[Supplied entries — start]
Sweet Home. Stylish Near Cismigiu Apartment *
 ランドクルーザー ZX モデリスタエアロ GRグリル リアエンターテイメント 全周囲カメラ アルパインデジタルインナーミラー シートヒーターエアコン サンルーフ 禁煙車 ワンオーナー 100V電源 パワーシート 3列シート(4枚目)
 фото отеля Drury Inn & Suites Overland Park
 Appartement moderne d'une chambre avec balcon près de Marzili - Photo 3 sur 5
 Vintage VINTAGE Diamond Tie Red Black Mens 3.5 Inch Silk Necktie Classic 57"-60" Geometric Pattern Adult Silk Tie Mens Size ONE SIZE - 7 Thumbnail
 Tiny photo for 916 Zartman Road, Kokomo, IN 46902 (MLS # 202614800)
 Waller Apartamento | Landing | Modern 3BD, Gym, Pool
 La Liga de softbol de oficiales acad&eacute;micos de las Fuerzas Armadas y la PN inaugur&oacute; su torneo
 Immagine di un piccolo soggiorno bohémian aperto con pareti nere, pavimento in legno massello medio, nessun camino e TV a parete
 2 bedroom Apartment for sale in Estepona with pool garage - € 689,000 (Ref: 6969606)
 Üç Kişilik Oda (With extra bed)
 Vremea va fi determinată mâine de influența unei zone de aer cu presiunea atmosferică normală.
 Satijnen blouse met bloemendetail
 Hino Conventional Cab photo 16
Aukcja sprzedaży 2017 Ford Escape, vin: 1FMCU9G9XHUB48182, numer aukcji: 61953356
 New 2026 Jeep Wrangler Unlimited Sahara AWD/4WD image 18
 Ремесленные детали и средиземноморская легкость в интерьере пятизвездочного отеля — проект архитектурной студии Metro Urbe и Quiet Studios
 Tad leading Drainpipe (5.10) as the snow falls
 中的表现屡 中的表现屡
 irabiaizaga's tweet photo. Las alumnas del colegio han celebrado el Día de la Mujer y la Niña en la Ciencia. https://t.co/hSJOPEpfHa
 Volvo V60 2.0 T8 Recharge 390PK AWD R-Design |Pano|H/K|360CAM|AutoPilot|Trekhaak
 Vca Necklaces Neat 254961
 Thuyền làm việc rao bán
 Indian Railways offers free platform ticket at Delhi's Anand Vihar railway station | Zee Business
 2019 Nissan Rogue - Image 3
[Supplied entries — finish]
_Problem details_.
Pick out all lines from the data above in which the word "отеля" appears.

_Output for this exercise_.
 фото отеля Drury Inn & Suites Overland Park
 Ремесленные детали и средиземноморская легкость в интерьере пятизвездочного отеля — проект архитектурной студии Metro Urbe и Quiet Studios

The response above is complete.